Here, then, in these opening lines, is a description of this King, Shield Sheafson, the scourge of tribes, wrecker of mead-benches, rampaging among his foes. It is a picture of violence and bloodshed and slaughter. One can see Shield taking up his sword, painting his face, leading his men through villages, tearing the flesh off his enemies, ravaging his captives, destroying homes and families as he embarks upon his heroic campaigns. This picture of violent conquest is one that ends in destruction, despair, ruin and loss…and yet, here is the kicker, the key to the whole song–line 11:
That was one good king.
There it is. The song of man: violence, rampage, destruction, chaos and despair venerated as “good”. And it doesn’t end with Shield. The lineage of this wrecker of mead-benches has a famous son, Beow, whose name is known through the north, admired for his path to power. Beow’s son, Halfdane the Warlord, was four times his father, “this fighter prince”. And, three generations from Shield, Halfdane’s son, Hrothgar, has been so favored by the fortunes of war that he is able to build the greatest mead-hall the world has ever seen, the wonder of the world forever, gilded in gold, where rings and jewels are doled out to all, built upon the generational slaughter of men, women and children.

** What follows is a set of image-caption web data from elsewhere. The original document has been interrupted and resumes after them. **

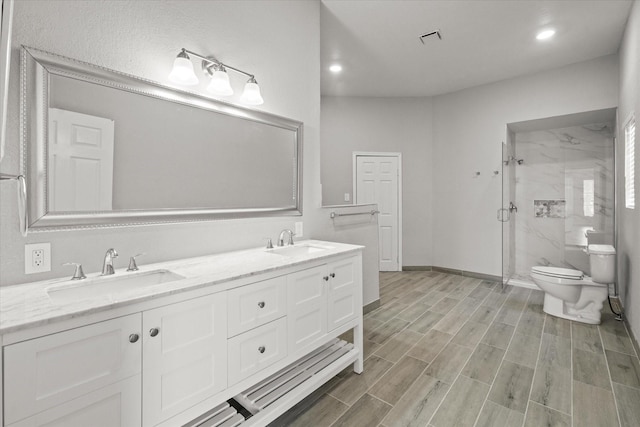 bathroom with toilet, a marble finish shower, a sink, and wood finish floors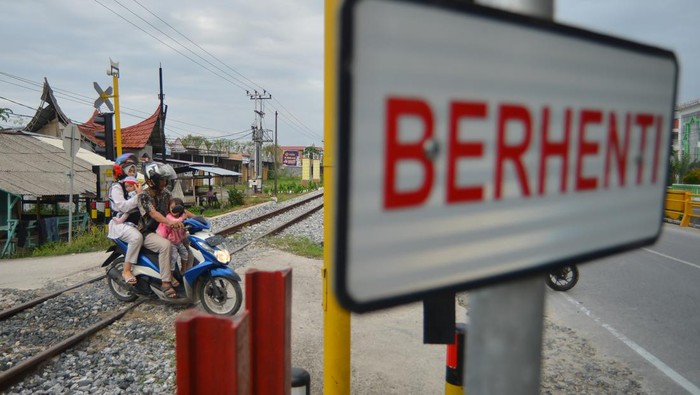 Pengendara motor menunggu kereta api lewat di perlintasan sebidang di Padang, Sumatera Barat, Rabu (30/8/2023). PT KAI Divre II Sumbar tahun ini menutup lima perlintasan sebidang yang liar di Padang dari total 112 perlintasan sebidang untuk meningkatkan keselamatan perjalanan kereta api. ANTARA FOTO/Iggoy el Fitra/nym.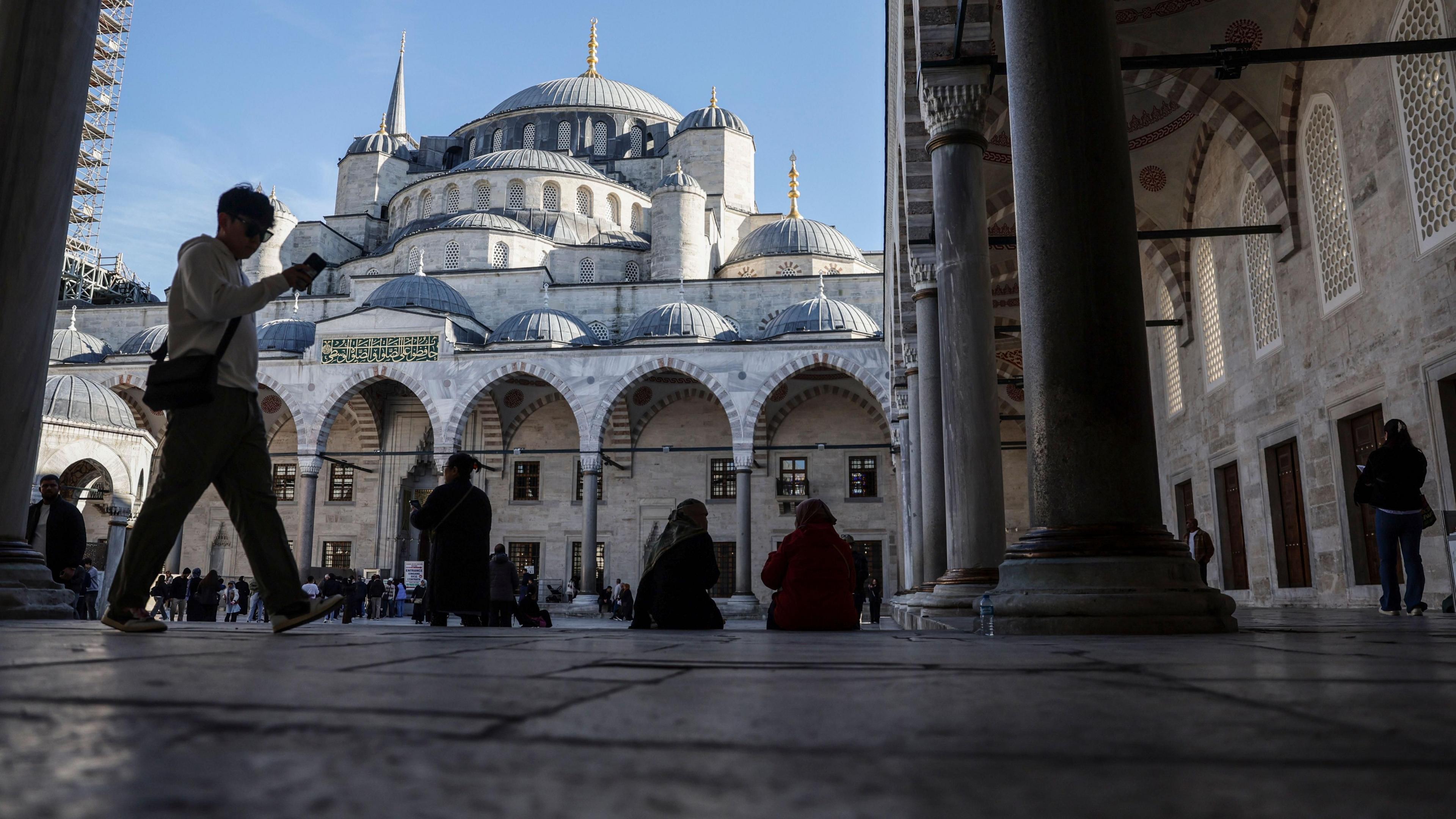 People rest in the shade in front of Istanbul's Blue Mosque.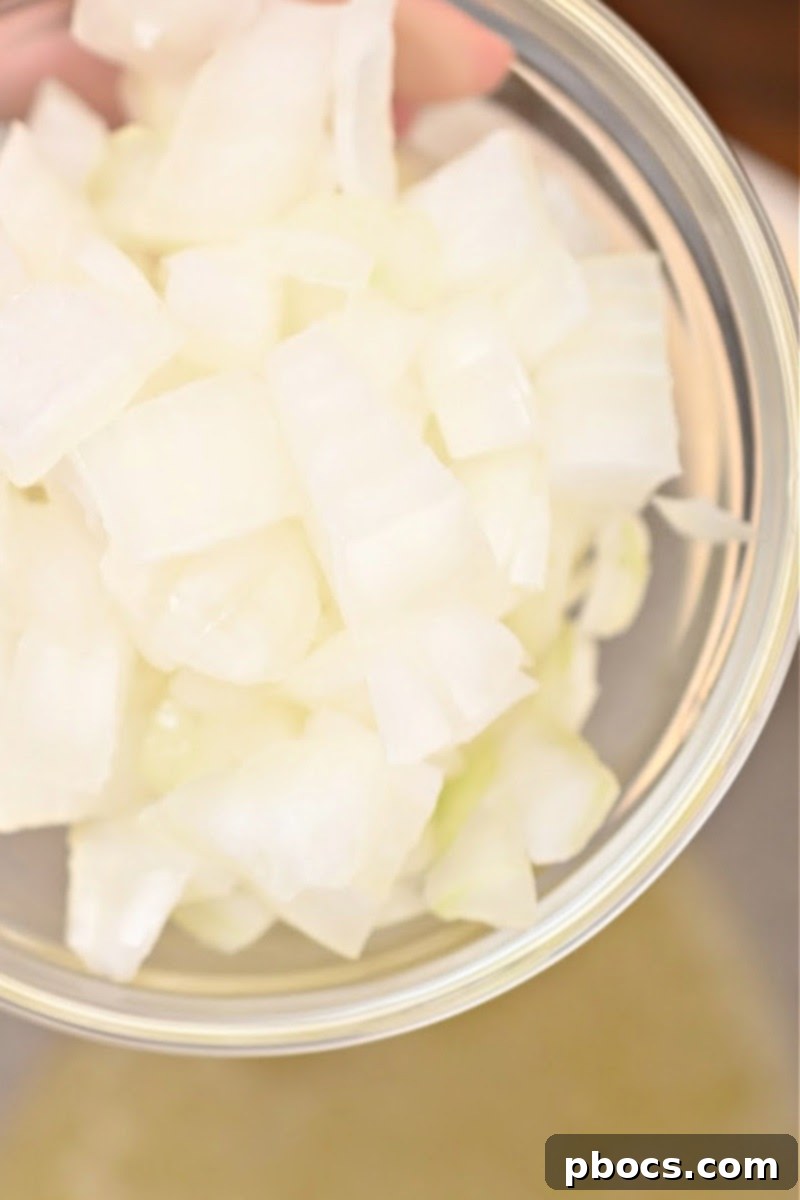 Sautéing onions in butter for cheesy ham broccoli rice casserole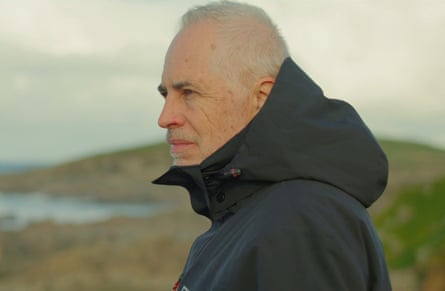 Head and shoulders shot of Jackson in jacket looking out to sea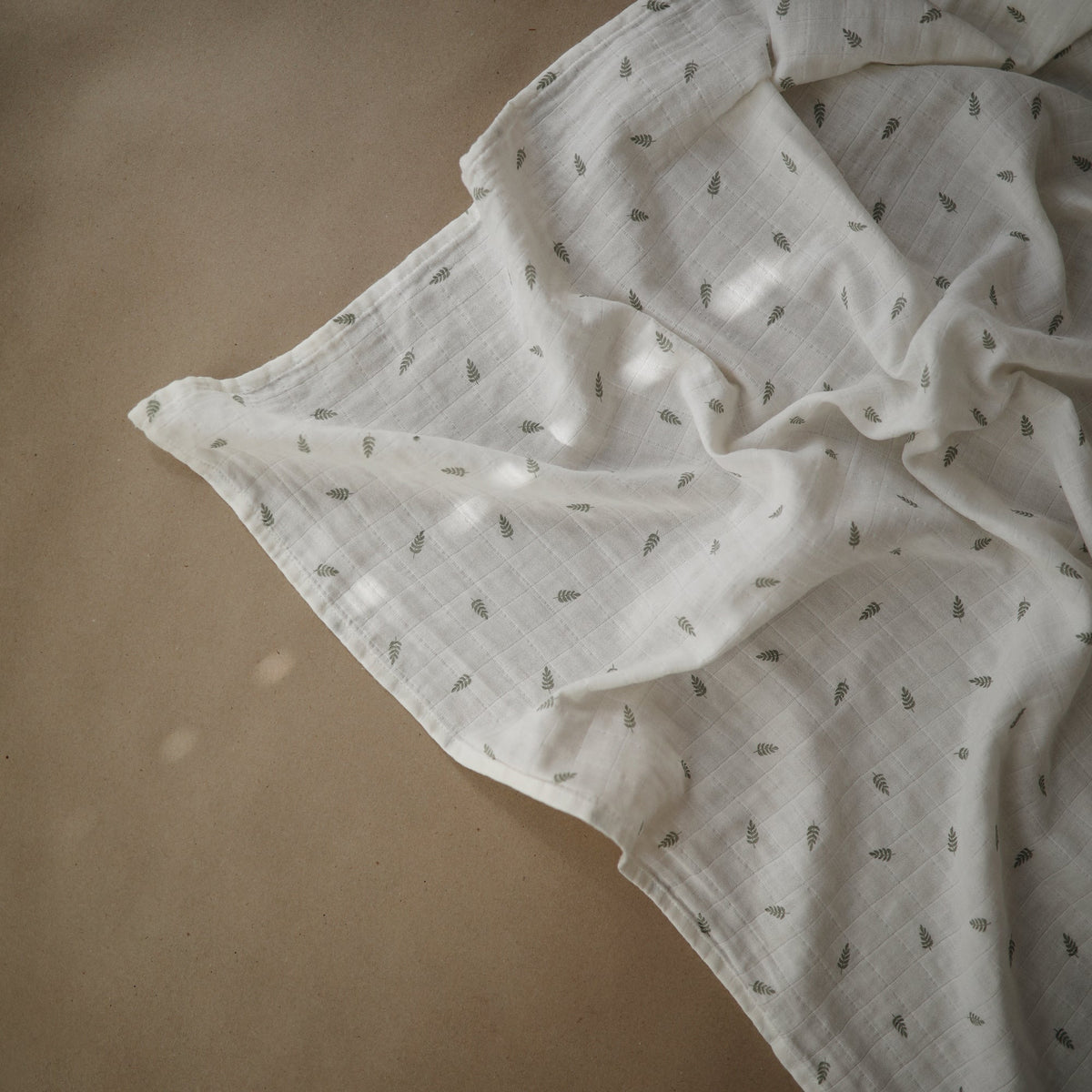 Soft Mushie organic cotton muslin swaddle blanket.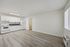 Bright and airy kitchen area with modern white cabinets, sleek countertops, and new appliances, featuring stylish wood flooring and natural light.
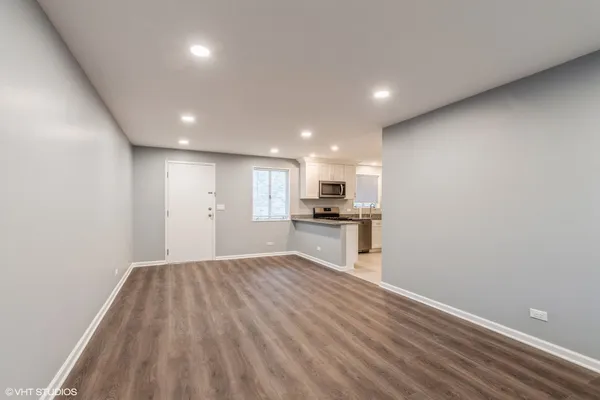 a view of kitchen with wooden floor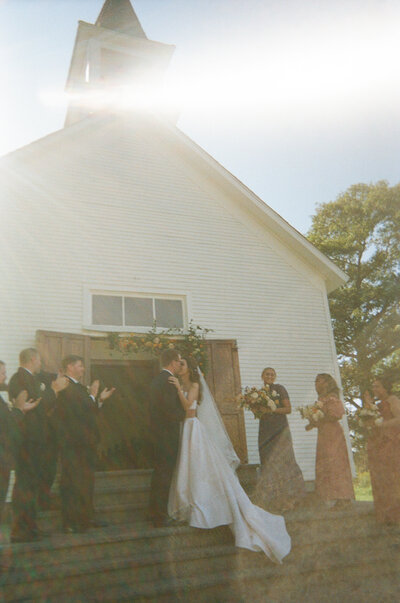 a bride and groom share their first kiss on the steps of a little white chapel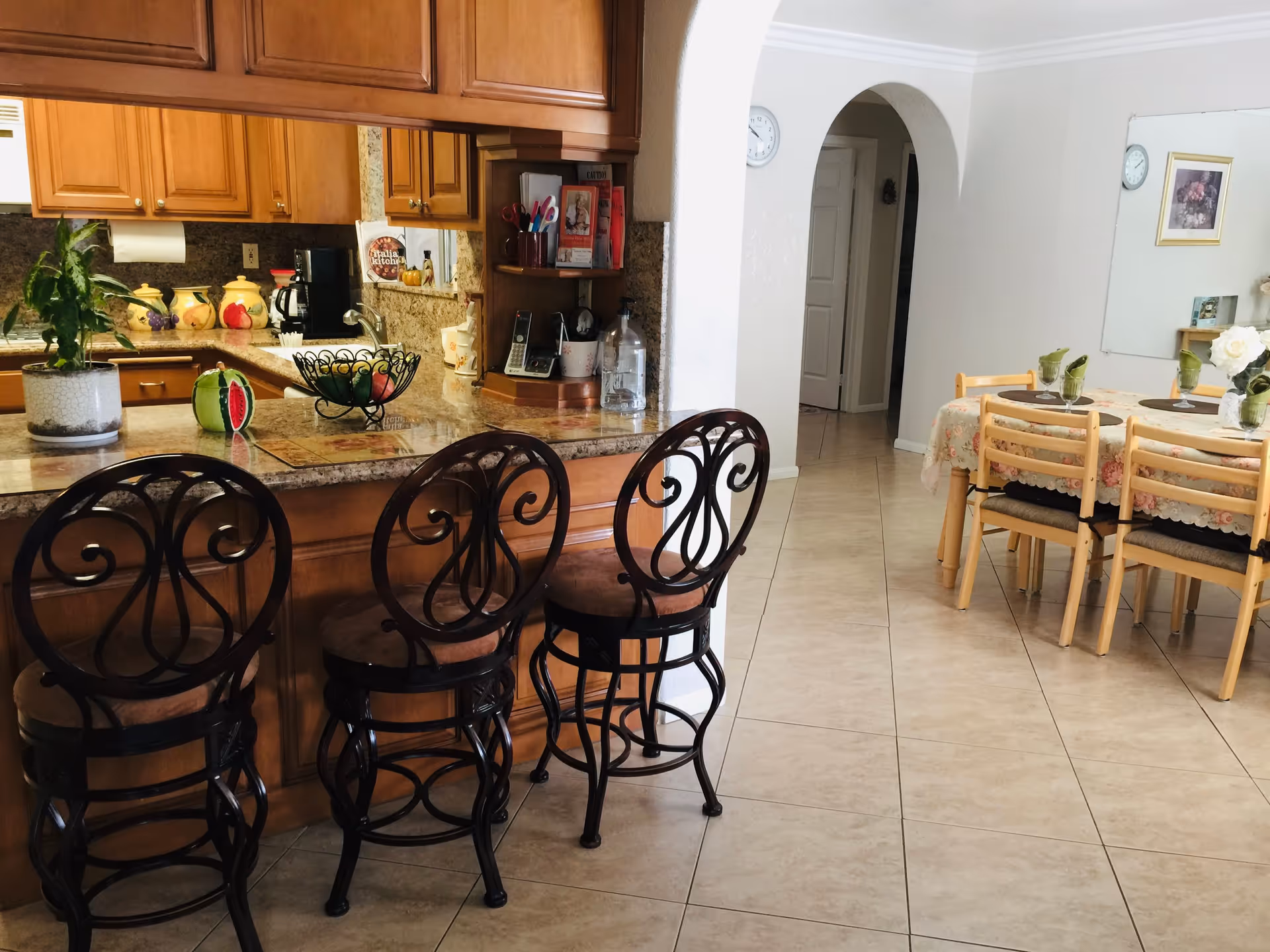 Interior view of a kitchen and dining area in a senior living facility. The kitchen features wooden cabinets, a granite countertop with three ornate black metal bar stools, a coffee maker, and decorative items including a plant and fruit bowl. The dining area has a table covered with a floral tablecloth, six wooden chairs with black cushions, green napkins, and a vase with white flowers. The floor is tiled, and there is an arched doorway leading to another room.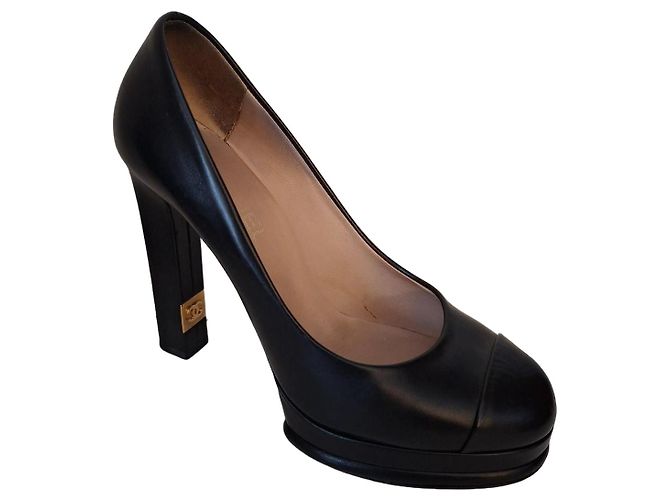 Chanel black leather pumps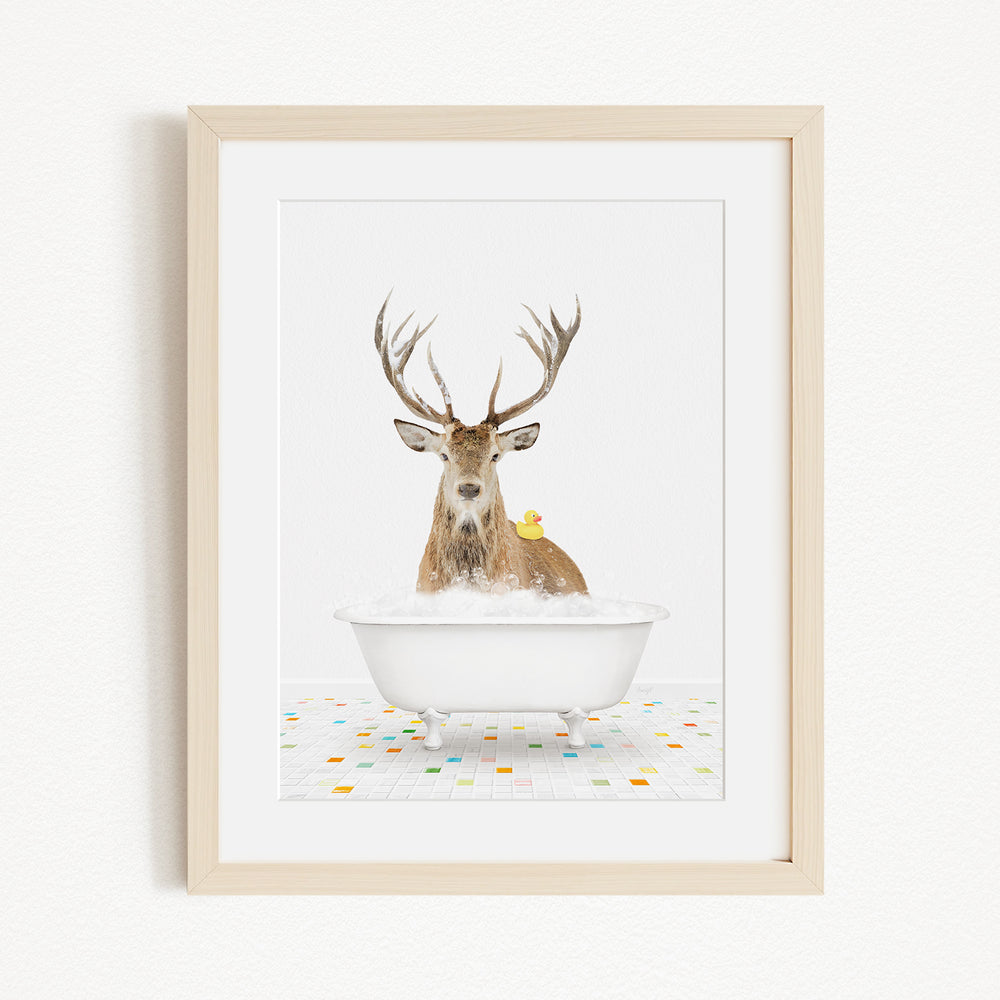 A deer with antlers is sitting in a white bathtub, with a yellow duck perched on its back.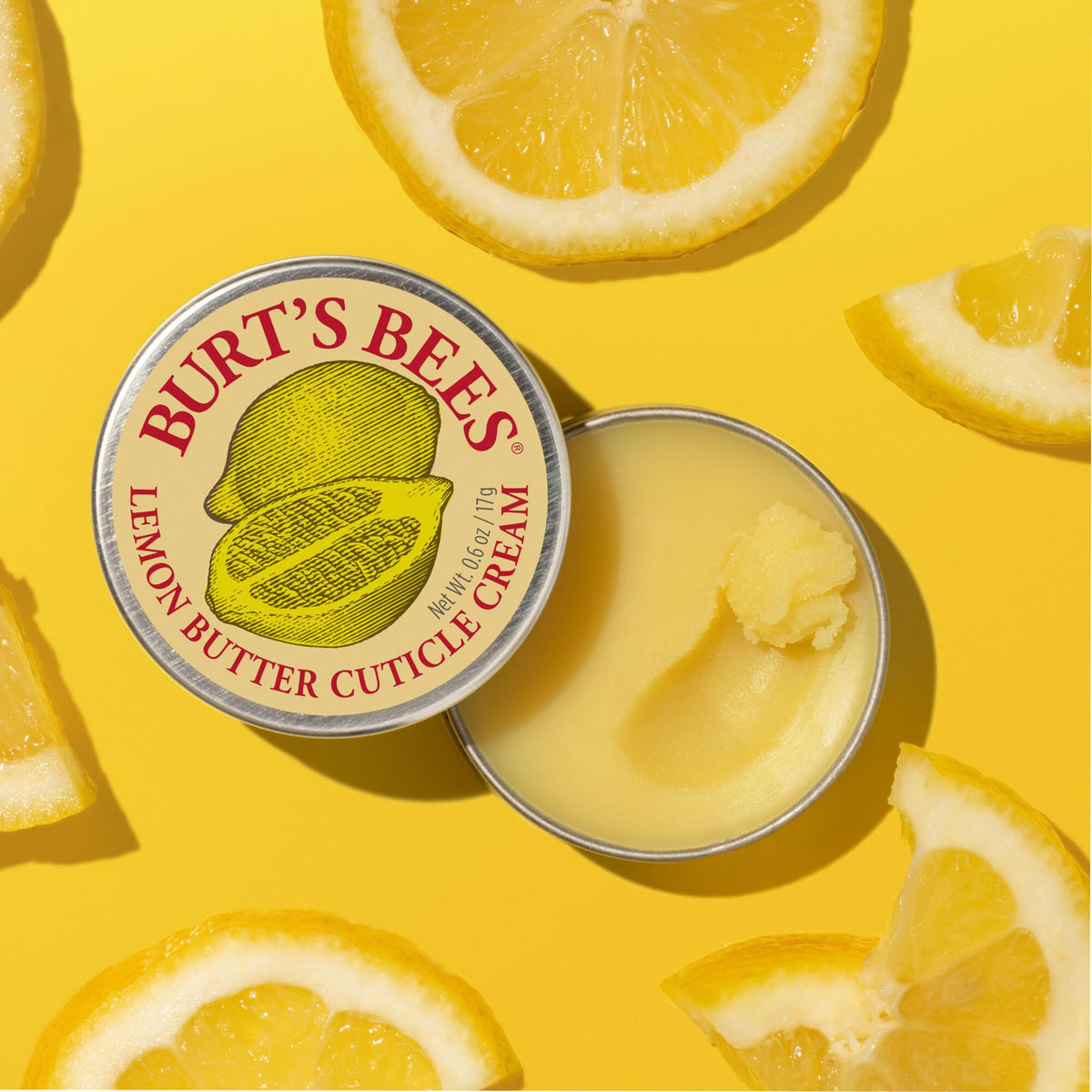 Burt's Bees being massaged into a cuticle to soften and repair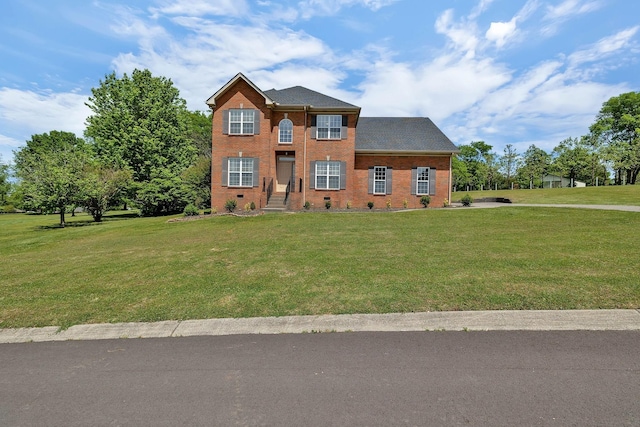 colonial-style house featuring a front yard, crawl space, and brick siding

This, then, is the song of man, sung by bards and troubadours minstrels and maidens, ad agencies and marketing executives around camp fires and mead halls and board rooms ever since: the song of oppression, injustice, conquest, addiction, the bottom line, cost-benefit analysis, the song of consumption and (to quote Gordon Gecko, from the movie, Wall Street) of greed, passed down from father to son, generation after generation, glorified, deified, even, as “good.”
Contrast this with another song, sung around desert campfires and stucco temples, also passed down from generation to generation, the song of Beginnings:
in the image of God he created them;
male and female he created them.God blessed them and said to them, “Be fruitful and increase in number;fill the earth and subdue it. Rule over the fish in the sea and the birds in the sky and over every living creature that moves on the ground.” And it was so.
So here, then, is the other song, the song of creation, that moves in this triumvirate rhythm: separation, filling, blessing; separation, filling, blessing; separation, filling, blessing. Not chaos, not violence, not bloodshed, not destruction, but separation, filling, blessing. And the kicker?
God saw all that he had made, and it was very good.
Here, too, in this song, there is that which is declared good. Note that both songs are possible. Both reflect a culture’s expectation, appreciation and glorification for that which is good. Violence, slaughter and oppression in the one; separation, filling and blessing in the other. Wrecked lives, ruined families, slavish lifestyles in the one; hope, promise and flourishing in the other. Self glorification and gratification in the one; transcendence and sacrifice in the other. Pleasure, profit and power in the one; potential, possibility and promise in the other.
Curse, blessing; darkness, light; death, life. These are the doxologies available to man. One a funeral oration, the other a birthday song. One a dirge, the other a concerto. One nails screeching on a chalkboard; the other, Handel’s Messiah.
Choose you this day, which song you will sing.